=== Section Start ===

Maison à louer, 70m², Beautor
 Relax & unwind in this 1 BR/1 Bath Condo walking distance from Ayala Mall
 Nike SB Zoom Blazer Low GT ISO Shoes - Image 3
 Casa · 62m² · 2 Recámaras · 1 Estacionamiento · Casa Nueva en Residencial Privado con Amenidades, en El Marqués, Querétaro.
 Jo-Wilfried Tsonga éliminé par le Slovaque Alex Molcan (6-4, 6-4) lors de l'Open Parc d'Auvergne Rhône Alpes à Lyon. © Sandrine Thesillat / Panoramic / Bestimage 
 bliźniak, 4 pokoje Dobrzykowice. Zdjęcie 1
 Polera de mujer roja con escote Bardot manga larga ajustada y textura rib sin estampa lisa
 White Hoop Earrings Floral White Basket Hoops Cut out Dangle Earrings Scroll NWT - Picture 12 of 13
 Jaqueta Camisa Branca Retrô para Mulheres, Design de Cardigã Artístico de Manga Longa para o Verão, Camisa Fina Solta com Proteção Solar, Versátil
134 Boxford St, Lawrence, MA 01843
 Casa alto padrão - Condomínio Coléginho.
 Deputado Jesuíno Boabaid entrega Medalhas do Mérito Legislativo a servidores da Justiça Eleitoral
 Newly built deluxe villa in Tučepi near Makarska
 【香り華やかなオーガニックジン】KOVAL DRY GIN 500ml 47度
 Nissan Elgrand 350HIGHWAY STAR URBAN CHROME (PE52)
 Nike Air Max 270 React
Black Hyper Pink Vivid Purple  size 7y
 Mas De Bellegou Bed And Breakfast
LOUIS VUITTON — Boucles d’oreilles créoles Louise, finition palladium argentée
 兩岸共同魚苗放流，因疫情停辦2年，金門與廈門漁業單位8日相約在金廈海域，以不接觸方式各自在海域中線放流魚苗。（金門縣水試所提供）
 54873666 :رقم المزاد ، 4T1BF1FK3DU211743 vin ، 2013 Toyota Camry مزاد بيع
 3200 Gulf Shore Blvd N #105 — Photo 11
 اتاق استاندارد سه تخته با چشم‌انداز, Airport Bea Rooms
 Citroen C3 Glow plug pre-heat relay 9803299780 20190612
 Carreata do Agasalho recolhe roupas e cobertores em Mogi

=== Section End ===

▶ **DIRECTIONS FOR THIS TASK**:
Your answer must be an exact transcription of every record above.

▶ **FINAL ANSWER**:
Maison à louer, 70m², Beautor
 Relax & unwind in this 1 BR/1 Bath Condo walking distance from Ayala Mall
 Nike SB Zoom Blazer Low GT ISO Shoes - Image 3
 Casa · 62m² · 2 Recámaras · 1 Estacionamiento · Casa Nueva en Residencial Privado con Amenidades, en El Marqués, Querétaro.
 Jo-Wilfried Tsonga éliminé par le Slovaque Alex Molcan (6-4, 6-4) lors de l'Open Parc d'Auvergne Rhône Alpes à Lyon. © Sandrine Thesillat / Panoramic / Bestimage 
 bliźniak, 4 pokoje Dobrzykowice. Zdjęcie 1
 Polera de mujer roja con escote Bardot manga larga ajustada y textura rib sin estampa lisa
 White Hoop Earrings Floral White Basket Hoops Cut out Dangle Earrings Scroll NWT - Picture 12 of 13
 Jaqueta Camisa Branca Retrô para Mulheres, Design de Cardigã Artístico de Manga Longa para o Verão, Camisa Fina Solta com Proteção Solar, Versátil
134 Boxford St, Lawrence, MA 01843
 Casa alto padrão - Condomínio Coléginho.
 Deputado Jesuíno Boabaid entrega Medalhas do Mérito Legislativo a servidores da Justiça Eleitoral
 Newly built deluxe villa in Tučepi near Makarska
 【香り華やかなオーガニックジン】KOVAL DRY GIN 500ml 47度
 Nissan Elgrand 350HIGHWAY STAR URBAN CHROME (PE52)
 Nike Air Max 270 React
Black Hyper Pink Vivid Purple  size 7y
 Mas De Bellegou Bed And Breakfast
LOUIS VUITTON — Boucles d’oreilles créoles Louise, finition palladium argentée
 兩岸共同魚苗放流，因疫情停辦2年，金門與廈門漁業單位8日相約在金廈海域，以不接觸方式各自在海域中線放流魚苗。（金門縣水試所提供）
 54873666 :رقم المزاد ، 4T1BF1FK3DU211743 vin ، 2013 Toyota Camry مزاد بيع
 3200 Gulf Shore Blvd N #105 — Photo 11
 اتاق استاندارد سه تخته با چشم‌انداز, Airport Bea Rooms
 Citroen C3 Glow plug pre-heat relay 9803299780 20190612
 Carreata do Agasalho recolhe roupas e cobertores em Mogi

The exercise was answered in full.